Edit: Also, I guarantee that "finding a rhyme" is not the bottleneck that's keeping modern poets from writing rhyming poetry.


On second thought, I agree. I believe I've lost my wager. Thanks for the correction.


Why does a poem need to rhyme before it can be considered free of defects?


Ditto - my partner is poet ... this is neat, but doesn't relate to what poets do nowadays.

That said, this has prompted some very interesting discussion of what kinds of tools /would/ be useful.


This is exactly what is wrong.

A poem, or a program or mathematical prove could be written down only after it has been emerged, formed to some extent, in one's mind.

When people sat town to write something but having no idea that was thought over for a long time (consciously and as background processes) with hope that an IDE will help them quickly put together a program, or a poem, they will end up with a mediocre piece of a crap.

It is true for almost every kind of writing, including letters or blog-posts. Matlab alone cannot help you prove anything.

Being a poet (or programmer) is a habit of the mind. A rhythm is not a problem, the meaning is.


It doesn't promise to make a poet out of you, it's just a toy. You know, for fun.

People don't start anything correctly; babies don't start life running marathons or breezing through piano suites, we learn through play and toys are the tools of play. This is a toy for poetry, remarkably beautiful in its simplicity and the way in which it invites one to play.

but it seems you have never played before.


Personally, I find that pieces of writing come out in little shreds over time; I was hoping this would be something that would assist in the process of recording and putting them together, or maybe some sort of nonlinear text editor that lets you have multiple alternate phrasings for a line. But no, I guess I'll still have to write it myself.


I disagree with this, but am fascinated by the idea of what you're saying.

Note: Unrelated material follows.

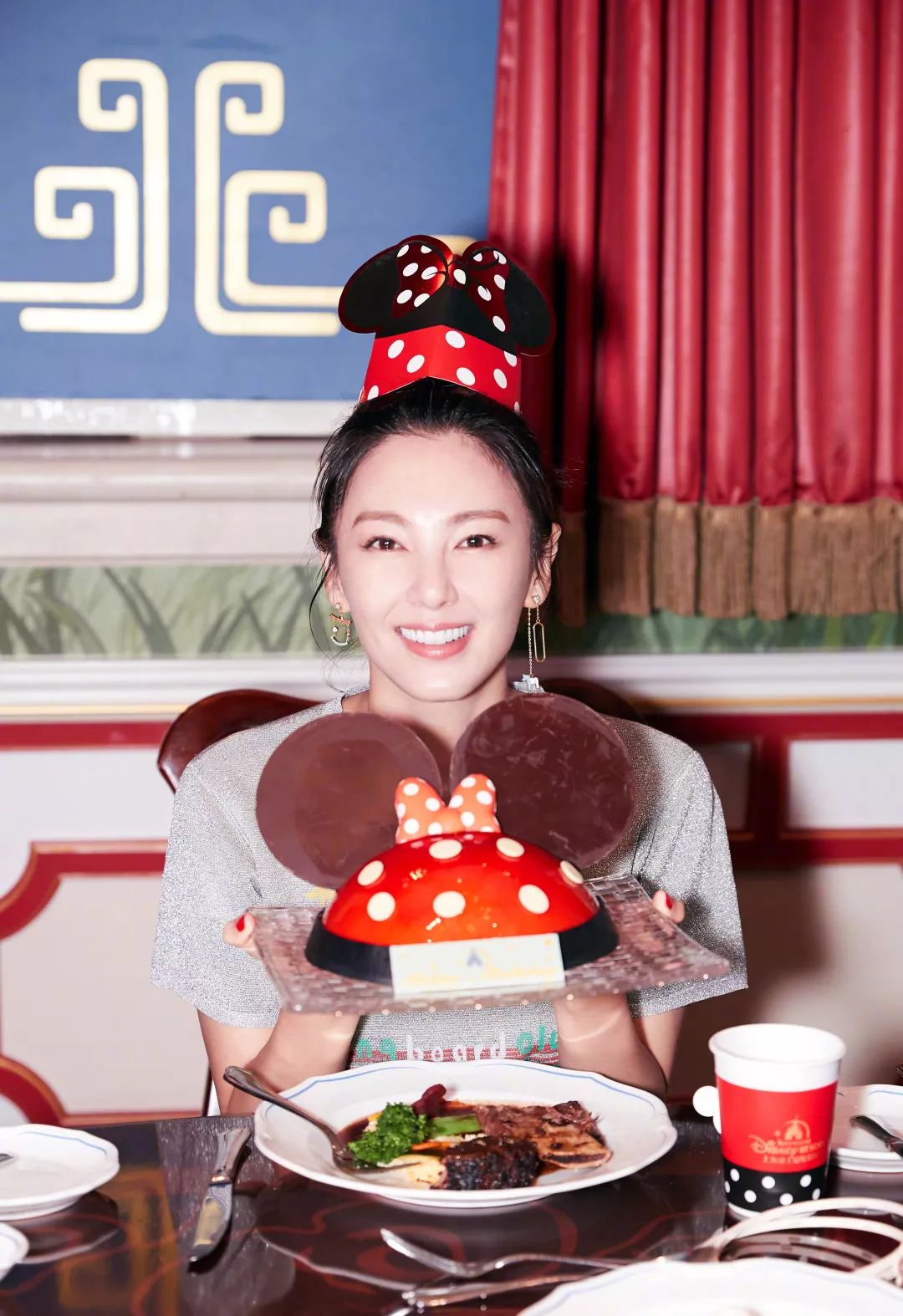 现在去去迪士尼穿搭建议 (游玩迪士尼穿搭)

When I write (code) , I don't do so with an idea of what I'm going to say down to the word (module), but I do have a vague idea of what I want to say (do). This paragraph, for example; I knew I disagreed with you, but I had to write it out to explore why. If I'm trying to conform to some arbitrary rhyming scheme (syntax), I'm going to be faster in my writing if I can see what all of my options are.

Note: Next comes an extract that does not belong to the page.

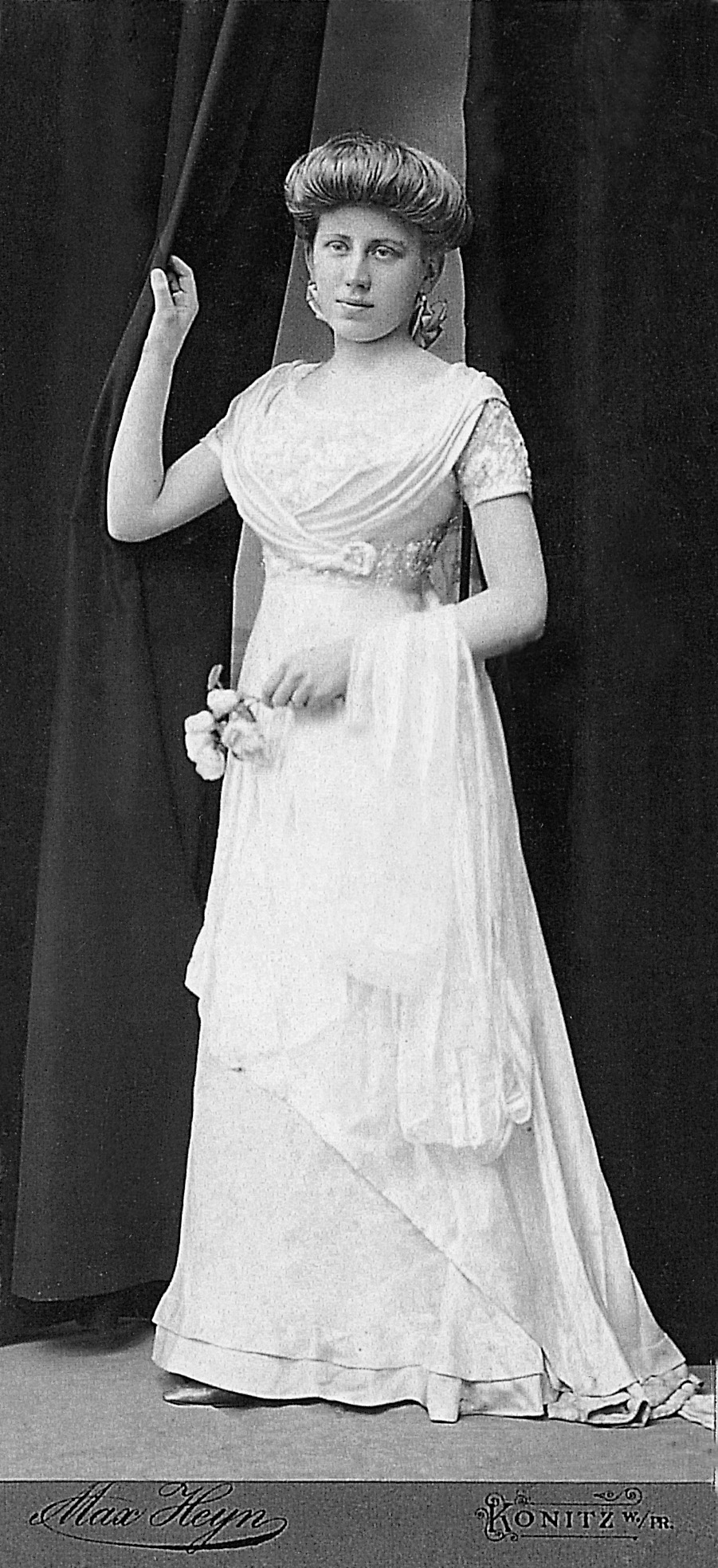 Wanda Donimirska, nee Sikorska (1890-1974), author’s mother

  There once was a guy from HN
  Who ran out of ink in his pen
  He made a site
  And it's working alright
  But only for then and again


nice! it even provoked me to spend some time writing this something instead of going to bed (sorry for the rant, i'm a bad bad sleep-deprived poet:)

  i think duck typing is retarded.
  although sometimes it is regarded
  as an elegant solution
  to your code base evolution
  don't let simplicity of use
  and the surrounding hype confuse
  your inner paranoid coder
  who wants to keep the code in order.
  don't let your laziness corrupt
  your bits and bytes and interrupt
  execution of your program.
  type annotations do no harm,
  but add perfection to the scene.
  without'em source code looks obscene.
  so don't be shy to add some strictness,
  let the compiler check the fitness
  of your fondly written code.
  and to conclude this episode
  i'd like to say it to the masses:
  let compilers save your asses!


  An IDE for poets
  As shown on Hacker News
  I'll venture: it's a nice opus
  But sometimes slow to use


  foo bar baz qux quux
  corge grault garble trucks
  warg fred plugh and xyzzy
  thud clearly i'm not busy


I'm sure you've thought of it, but one could actually get this to do scansion too -- the CMU dictionary here http://www.speech.cs.cmu.edu/cgi-bin/cmudict has stress and syllable breakdowns.

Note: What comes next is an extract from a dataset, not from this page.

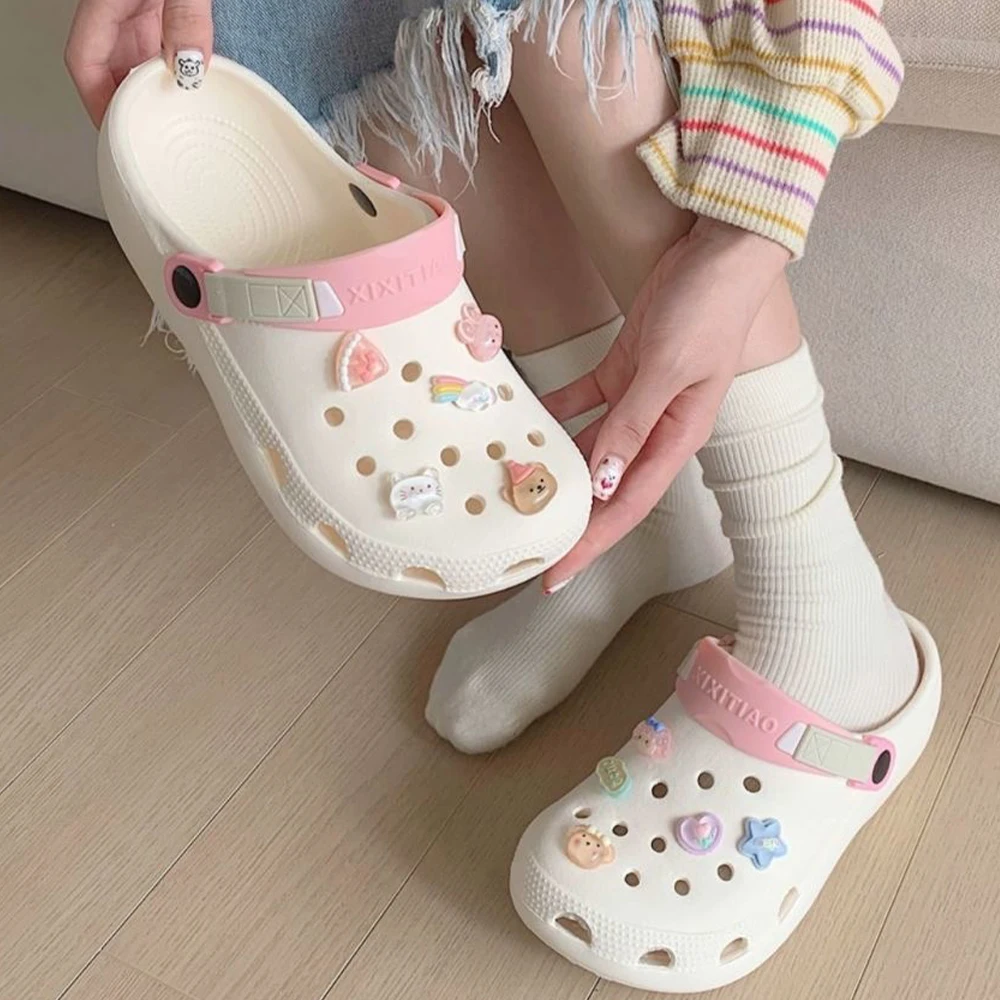 Nuove pantofole sandalo fai da te simpatico cartone animato zoccoli donna muli sandali da spiaggia estivi foro grotta scarpa da giardino femminile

I've tried to use CMUdict for computational poetry... it turns out to be more difficult than it seems at first because stress is context-dependant (especially with monosyllables).


   I have a simply query,
   is there a way to replace the dictionary?
   the language I would like to change
   for me, Klingon poetry is too strange


Alternate rhyming dictionaries is actually a really interesting problem, as different cultures have different ideas of what the ideal rhyme is.

In English, words where the onset consonant is the same (e.g. 'tend' and 'attend') are considered relatively poor rhymes, whereas in French they're considered to be "rich". In Portugese, even the part of speech is taken into account: a rhyme between a noun and a verb is considered a better rhyme, say, than two nouns that rhyme.

This is obviously a solved problems (I mean, you can buy rhyming dictionaries in France or Portugal), but I wonder if it would have any interesting ramifications on the design of the feature.


I hate to be a naysayer but I'm not sure how helpful this would be to your average poet. Things like rhyme and meter counts are rarely involved in early drafts of poems. If you're shooting for a certain style or form typically you keep that in mind as you produce but I'd wager the vast majority of work being produced today doesn't follow any major scheme.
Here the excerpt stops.